• Supplied data:
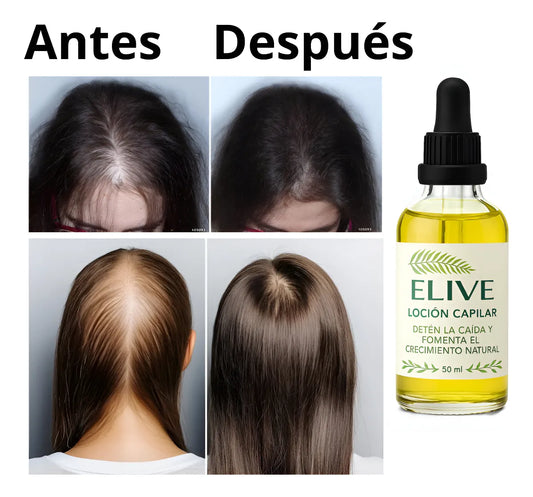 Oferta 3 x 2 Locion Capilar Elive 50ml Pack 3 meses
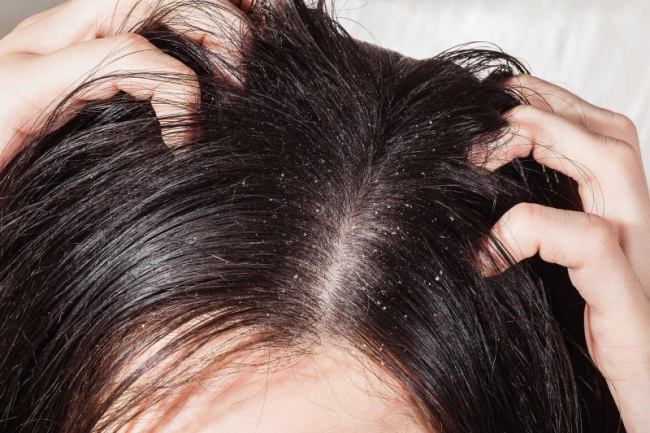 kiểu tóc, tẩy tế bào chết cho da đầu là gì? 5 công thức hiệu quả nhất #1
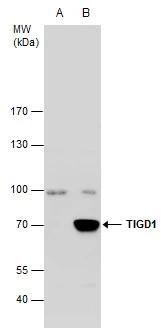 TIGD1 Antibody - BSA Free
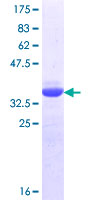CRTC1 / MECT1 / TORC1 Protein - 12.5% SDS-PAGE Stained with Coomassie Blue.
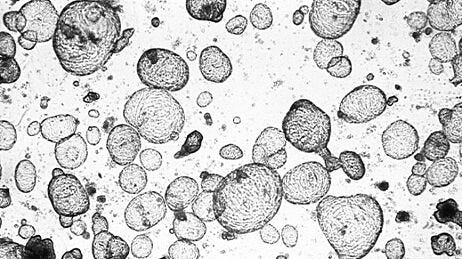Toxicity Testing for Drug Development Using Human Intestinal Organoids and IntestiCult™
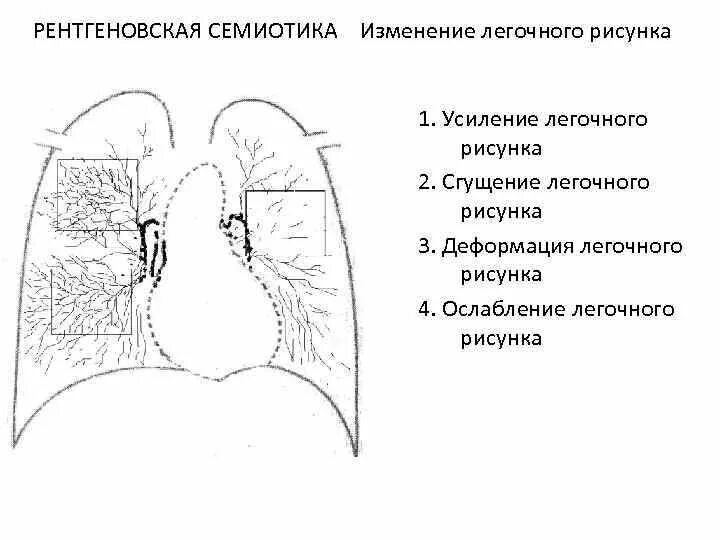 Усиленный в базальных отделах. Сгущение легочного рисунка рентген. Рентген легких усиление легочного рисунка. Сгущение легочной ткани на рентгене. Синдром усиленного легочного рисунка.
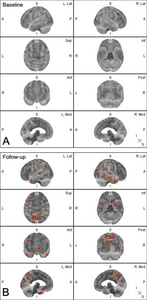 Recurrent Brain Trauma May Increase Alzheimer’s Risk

* * *

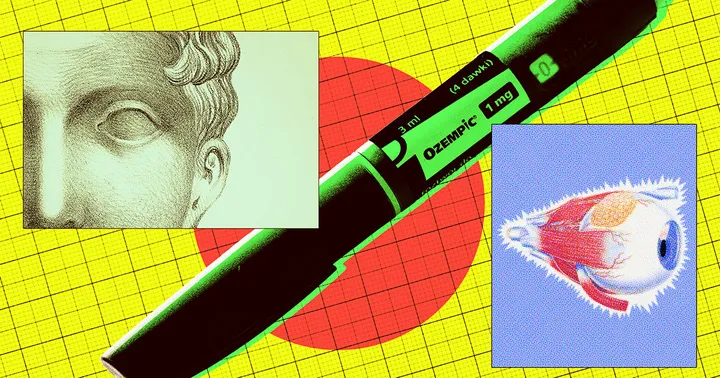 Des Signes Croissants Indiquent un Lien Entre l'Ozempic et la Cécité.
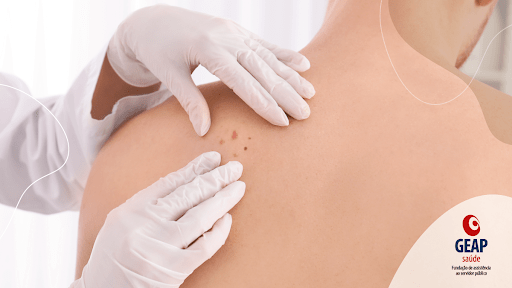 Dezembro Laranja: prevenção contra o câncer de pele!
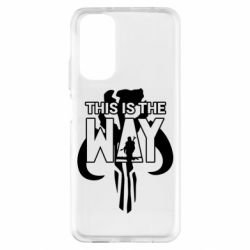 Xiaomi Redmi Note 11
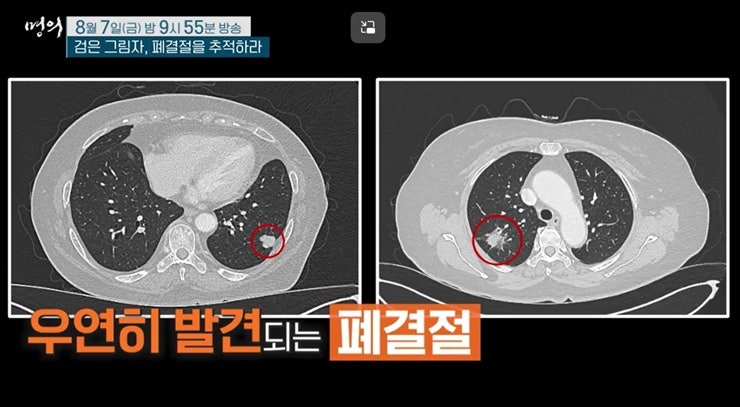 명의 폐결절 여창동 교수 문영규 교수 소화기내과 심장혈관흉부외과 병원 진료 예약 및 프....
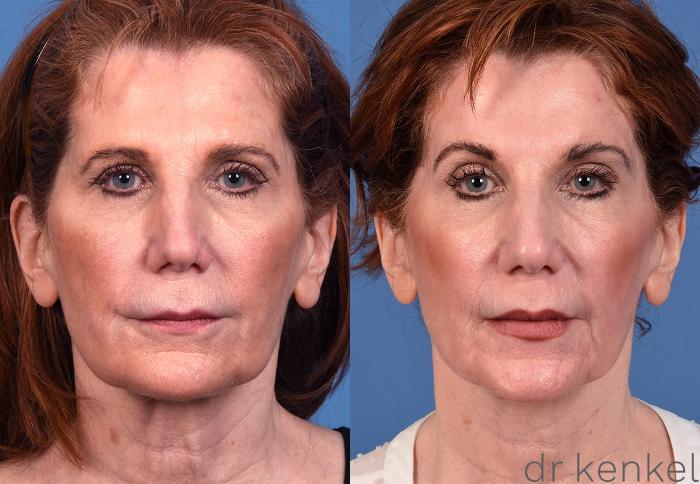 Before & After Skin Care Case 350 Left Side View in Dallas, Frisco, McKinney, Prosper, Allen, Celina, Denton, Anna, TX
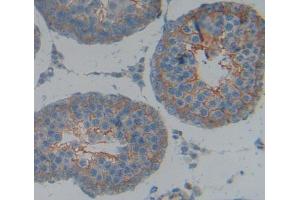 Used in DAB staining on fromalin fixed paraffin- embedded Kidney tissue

• Aim of the exercise:
Look above for the line holding "Oferta 3 x 2" and output everything from it down to the line holding "Recurrent Brain Trauma", both ends included, exactly and without images.

• Exercise solution:
 Oferta 3 x 2 Locion Capilar Elive 50ml Pack 3 meses
 kiểu tóc, tẩy tế bào chết cho da đầu là gì? 5 công thức hiệu quả nhất #1
 TIGD1 Antibody - BSA Free
CRTC1 / MECT1 / TORC1 Protein - 12.5% SDS-PAGE Stained with Coomassie Blue.
Toxicity Testing for Drug Development Using Human Intestinal Organoids and IntestiCult™
 Усиленный в базальных отделах. Сгущение легочного рисунка рентген. Рентген легких усиление легочного рисунка. Сгущение легочной ткани на рентгене. Синдром усиленного легочного рисунка.
 Recurrent Brain Trauma May Increase Alzheimer’s Risk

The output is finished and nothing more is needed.